La divisione che si venne a creare fu tremenda, e non si
riuscì più a tenere il discorso teologico ed ecclesiologico in una possibile
visione ellittica (i due fuochi, le due realtà che “stanno insieme e cadono
insieme”); ci si abbarbicò sulle posizioni proprie, si escluse l’altra parte, l’altro
sentire, il diverso declinare la fede e la spiritualità. Si etichettò come
nemica/avversaria la parte diversa/avversa, e la ricerca della Verità, della
Dottrina e delle Origini, in vista di un ritorno al Vangelo, per una Riforma
che si affermasse come una conversione universale dei battezzati, fu la miccia
che bruciò l’Europa, e creò lutti e stragi innumerevoli.
Molti toni, molte note, per quella che sarà la grande
strada della Riforma, nei suoi momenti esaltanti e tremendi; le sue luci e le
tante tenebre, ciò che seppe costruire e ciò che distrusse! In realtà (su molte
questioni) si dicevano le stesse cose, ma con sensibilità e accentuazioni
diverse; forse mancò a entrambi le parti quello che auspicavano: la conversione
al Vangelo. Ne erano divenuti predicatori e non (mai) cantori innamorati!

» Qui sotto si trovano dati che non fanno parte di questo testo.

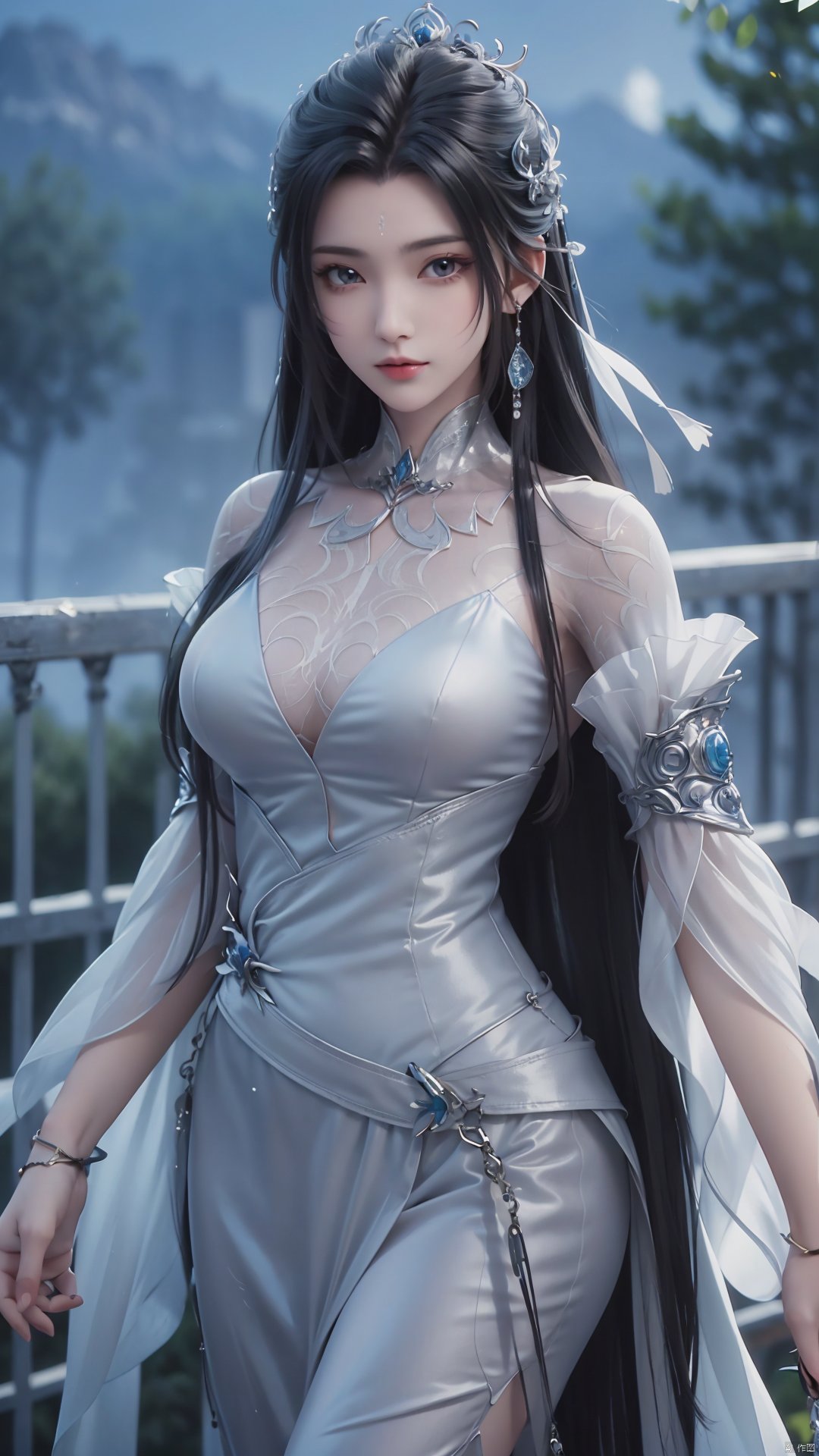 1girl, long hair, facial mark, forehead mark, white dress, solo, dress, black hair, jewelry, earrings, hair bun, hair ornament, mischevious smile, perfect body, scenery, sharp focus, best quality, masterpiece, detailed outfit, illustration, perfect eyes, finely detailed beautiful anime eyes, realistic skin, intricate details, best lighting, depth of field, ultra high resolution,cowboy_shot, dynamic pose, dynamic angle,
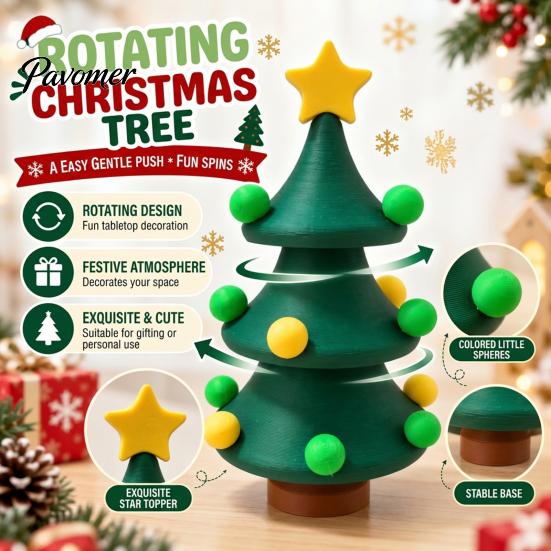 Mini Tabletop Tree 3D Printed Dancing Christmas Tree, Rotating Twisted Desk Toy Toy, Decoration, Xmas Gift Twist Figurine
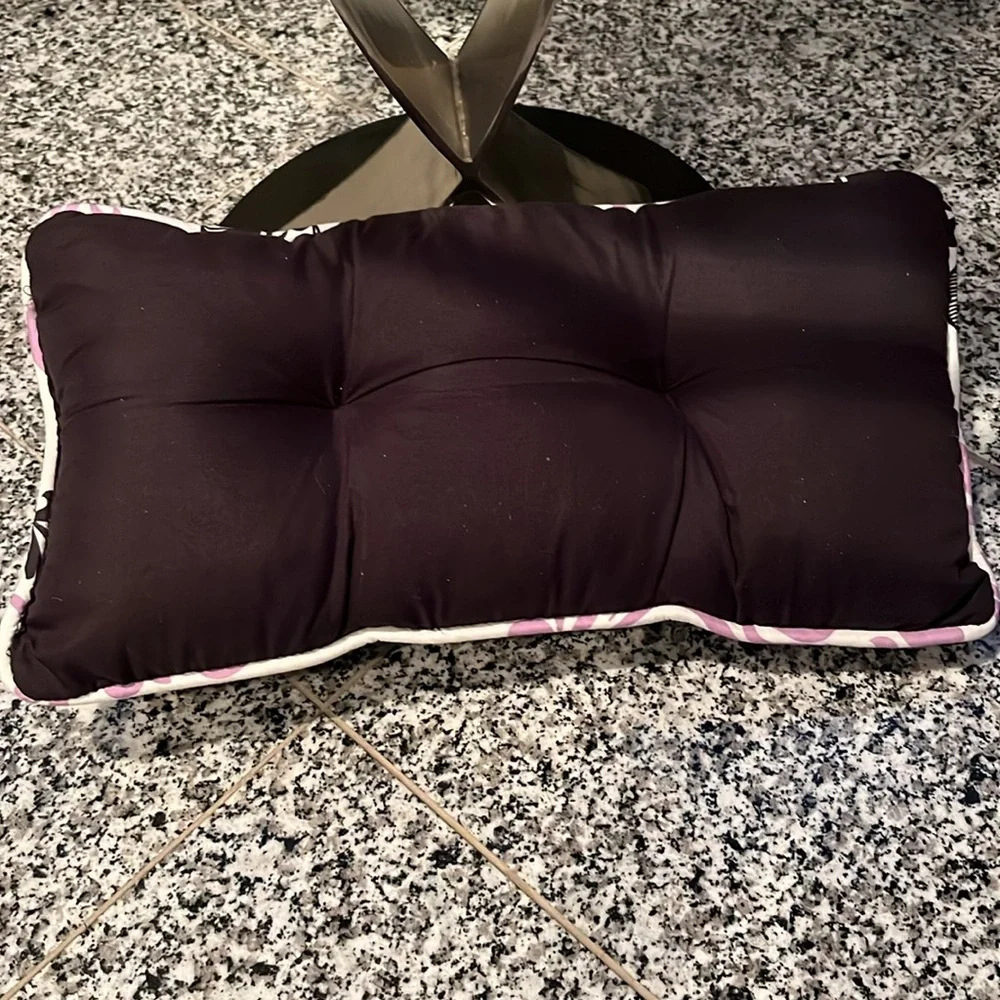 Chic Black and Lavender Buttoned Pillow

In questo contesto si pone la figura di Gaetano Thiene, a
cavaliere tra ’400 e ’500, come uomo dalla forte radice medievale e dalla nuova
sensibilità portata dal Rinascimento. Uomo di studi umanistici eppur consapevole
che non è l’uomo il centro del mondo… Non incantato dal fluire sottile e
sciolto del cantore Erasmo, né chiuso dagli studi giuridici. Gaetano fu uomo
intriso di spiritualità incarnata, la sua carità sapeva di carne,
nell’assistenza agli ammalati presso gli ospedali dove prestava il suo
servizio. Uomo di preghiera, perché uomo dello stupore: Santa Maria gli aveva
messo tra le braccia, “senza cuore”, il Bambino Gesù. Uomo di fiducia, non gli
era mancato mai nulla: neppure quando le soldataglie lanzichenecche lo
catturarono, lo imprigionarono, lo malmenarono, lo torturarono. Gaetano
sperimenta la liberazione senza avere raccomandazioni nascoste, ma la
Provvidenza, all’ora puntuale della salvezza, esalta se stessa!
Nel contesto del suo tempo, delle lotte e delle divisioni
di quanti vogliono la conversione… degli altri, Gaetano Thiene scelse il
cammino umile e nascosto della sua personale vicinanza a Cristo, apprezzato tra
la povera gente, solo nelle città segnate dalla peste, dal bisogno.
Gaetano
ode assordante la voce di Gesù che lo chiama a seguirlo nel servizio e nella
relazione profonda, che è fiducia e certezza della Provvidenza. Questa fu la
scoperta di Gaetano, questo fu il suo ardito desiderio, il suo coraggio: dire a
Dio, se non mi dai il fuoco non mi hai dato nulla!!